I am facing a very similar issue here analyzing my bulk RNA-seq data from 6 samples. I trimmed the adapters and ran FastQC on my samples. I ran HISAT2 and FeatureCounts.
I got very high %alignment for HISAT2 according to multiQC (~97%) but the percentage of reads mapped to genes in FeatureCount is about 5%. I checked FastQC results and I saw a high percentage of sequence duplication. However, I don’t understand how sequence duplication contributes to this low gene alignment percentage ( my library is RF mm10).
Let’s start over in a new topic to review your results.
The bulk of your reads are either not mapping uniquely to a feature, or are not matching to the same coordinates as any feature at all!

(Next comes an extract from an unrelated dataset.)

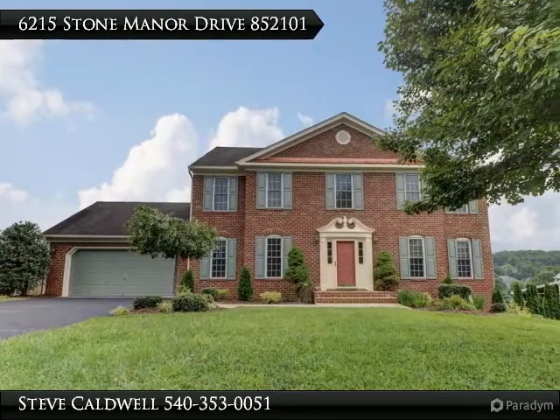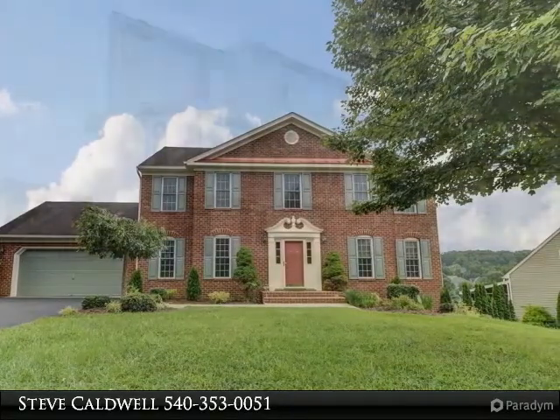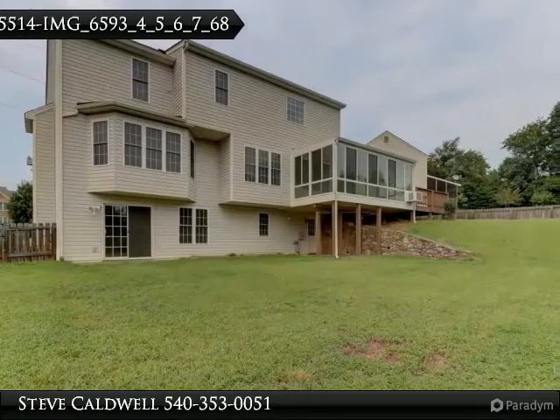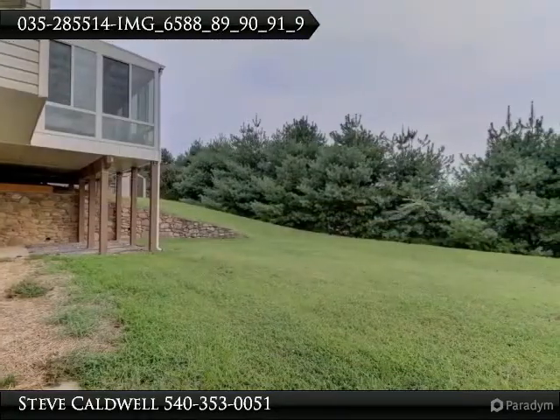Come see the best buy in Stonemanor, offering an attractive brick front and three finished living levels, including hardwood floors on entry. The welcoming entry foyer leads to an open floor plan with a spacious kitchen featuring upgraded stainless steel appliances, including a KitchenAid gas range and oven.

The first place I usually start is with examining the reference data choices. Which genome are you using? Where did you source the feature annotation reference? Have you confirmed that both are based on the same genome assembly?
This topic explains a bit more for human, but any species can have multiple assemblies, so the advice here, especially the review and troubleshooting advice, is where to start.
Please give that a try and let us know what happens! If you need help with the review, you are welcome to share back your history in your reply and we can try to advise!
Apparently the library prep was forward, not reverse:) I reran my FeatureCounts with forward settings again and the alignment increased from 5% to more than 60%. I assume 60% is a good number, but let me know if it is still not considered as satisfactory/signals that something’s wrong.
Also, I tried running my HISAT2 again with forward setting but I observed something strange:
The HISAT2 I ran with reverse (i.e wrong) settings, gave me an alignment of 94-97% per sample. When I tried running it again with the correct setting (i.e forward), the alignment percentage slightly decreased (92-95%). I was wondering if this is normal and what the reason could be. Is strandedness (forward vs reverse) important for HISAT2 at all?